• What needs to be done: What follows is a listing to transcribe exactly, leaving the pictures out.

• Data provided:
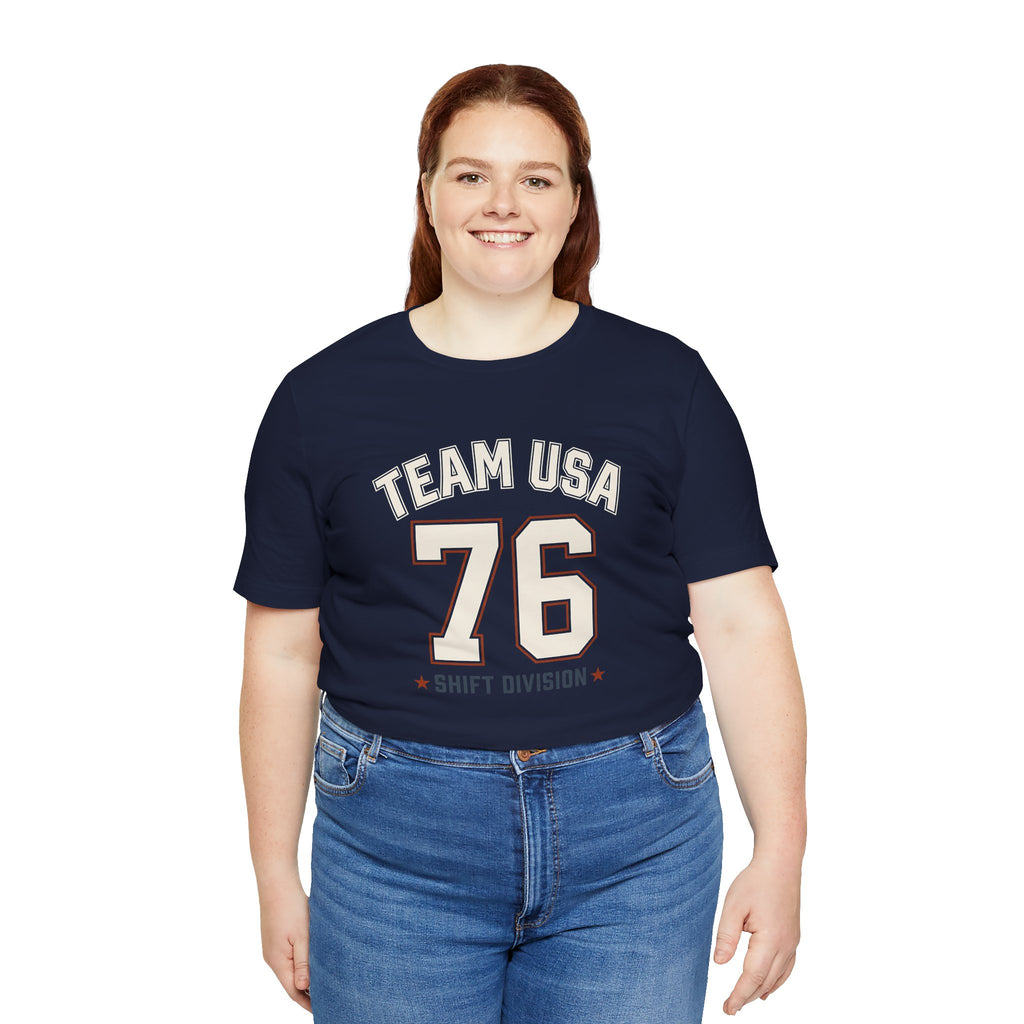 Team USA 76 Tee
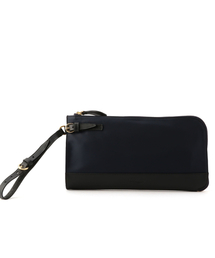 SHIPS | Boldrini Selleria: 【LIMONTAナイロン】 クラッチバッグ(クラッチバッグ)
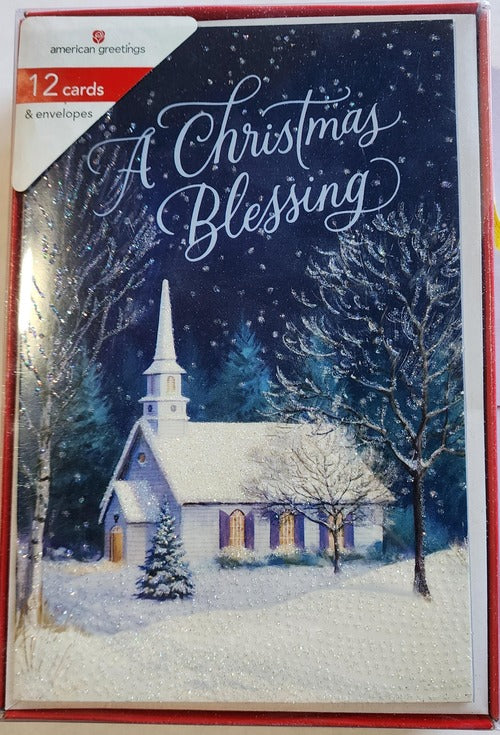 American Greetings Night Church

• Exercise answer:
 Team USA 76 Tee
 SHIPS | Boldrini Selleria: 【LIMONTAナイロン】 クラッチバッグ(クラッチバッグ)
 American Greetings Night Church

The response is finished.